• **WHAT THIS TASK INVOLVES**
Please report every line in the material below where the word "Brown" is found.

BEGIN RECORDS PROVIDED

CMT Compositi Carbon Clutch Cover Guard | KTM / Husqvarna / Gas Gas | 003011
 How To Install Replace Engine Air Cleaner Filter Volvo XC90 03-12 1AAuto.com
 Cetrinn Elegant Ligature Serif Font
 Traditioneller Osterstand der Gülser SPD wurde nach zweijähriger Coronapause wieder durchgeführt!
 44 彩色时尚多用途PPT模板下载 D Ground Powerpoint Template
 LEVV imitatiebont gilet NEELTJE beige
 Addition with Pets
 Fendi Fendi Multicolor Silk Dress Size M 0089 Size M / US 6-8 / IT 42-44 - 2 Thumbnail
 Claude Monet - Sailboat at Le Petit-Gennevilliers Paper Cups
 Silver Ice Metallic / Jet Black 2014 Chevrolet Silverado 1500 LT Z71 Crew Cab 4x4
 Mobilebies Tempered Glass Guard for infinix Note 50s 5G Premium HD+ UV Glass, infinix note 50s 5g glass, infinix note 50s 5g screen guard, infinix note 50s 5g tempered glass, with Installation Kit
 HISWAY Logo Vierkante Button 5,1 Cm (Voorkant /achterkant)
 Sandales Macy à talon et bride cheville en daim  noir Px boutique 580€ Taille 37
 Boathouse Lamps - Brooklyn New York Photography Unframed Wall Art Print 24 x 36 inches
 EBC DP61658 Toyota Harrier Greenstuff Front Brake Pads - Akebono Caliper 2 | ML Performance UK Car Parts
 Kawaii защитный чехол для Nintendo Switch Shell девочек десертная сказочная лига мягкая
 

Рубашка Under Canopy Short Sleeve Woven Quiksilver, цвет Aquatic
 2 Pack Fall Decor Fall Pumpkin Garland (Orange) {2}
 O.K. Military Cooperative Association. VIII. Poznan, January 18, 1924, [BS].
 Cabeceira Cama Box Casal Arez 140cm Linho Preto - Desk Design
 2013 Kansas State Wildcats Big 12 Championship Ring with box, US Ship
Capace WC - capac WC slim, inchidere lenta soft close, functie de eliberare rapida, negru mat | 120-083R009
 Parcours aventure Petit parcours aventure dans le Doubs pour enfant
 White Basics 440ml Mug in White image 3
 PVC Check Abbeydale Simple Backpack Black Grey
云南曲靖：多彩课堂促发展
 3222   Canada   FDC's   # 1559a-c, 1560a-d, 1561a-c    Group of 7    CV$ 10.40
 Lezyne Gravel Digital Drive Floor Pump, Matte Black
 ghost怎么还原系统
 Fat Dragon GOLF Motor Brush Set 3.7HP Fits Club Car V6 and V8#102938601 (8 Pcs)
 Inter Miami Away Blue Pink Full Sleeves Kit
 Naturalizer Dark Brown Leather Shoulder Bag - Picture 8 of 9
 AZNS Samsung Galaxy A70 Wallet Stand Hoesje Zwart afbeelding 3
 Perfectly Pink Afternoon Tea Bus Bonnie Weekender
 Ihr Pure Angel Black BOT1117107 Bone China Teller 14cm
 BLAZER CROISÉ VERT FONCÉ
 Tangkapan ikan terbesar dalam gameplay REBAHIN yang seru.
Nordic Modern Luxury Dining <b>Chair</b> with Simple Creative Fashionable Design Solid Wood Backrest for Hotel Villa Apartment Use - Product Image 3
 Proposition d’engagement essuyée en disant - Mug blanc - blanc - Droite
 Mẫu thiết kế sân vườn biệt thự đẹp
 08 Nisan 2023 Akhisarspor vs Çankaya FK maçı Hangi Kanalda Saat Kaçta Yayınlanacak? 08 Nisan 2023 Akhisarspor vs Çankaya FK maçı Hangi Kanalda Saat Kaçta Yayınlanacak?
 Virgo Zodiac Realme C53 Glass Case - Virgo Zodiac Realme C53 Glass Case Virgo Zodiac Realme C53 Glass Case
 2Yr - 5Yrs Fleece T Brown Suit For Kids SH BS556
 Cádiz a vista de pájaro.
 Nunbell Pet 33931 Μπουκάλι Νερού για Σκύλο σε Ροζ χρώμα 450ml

END RECORDS PROVIDED

• **TASK OUTPUT**
 Naturalizer Dark Brown Leather Shoulder Bag - Picture 8 of 9
 2Yr - 5Yrs Fleece T Brown Suit For Kids SH BS556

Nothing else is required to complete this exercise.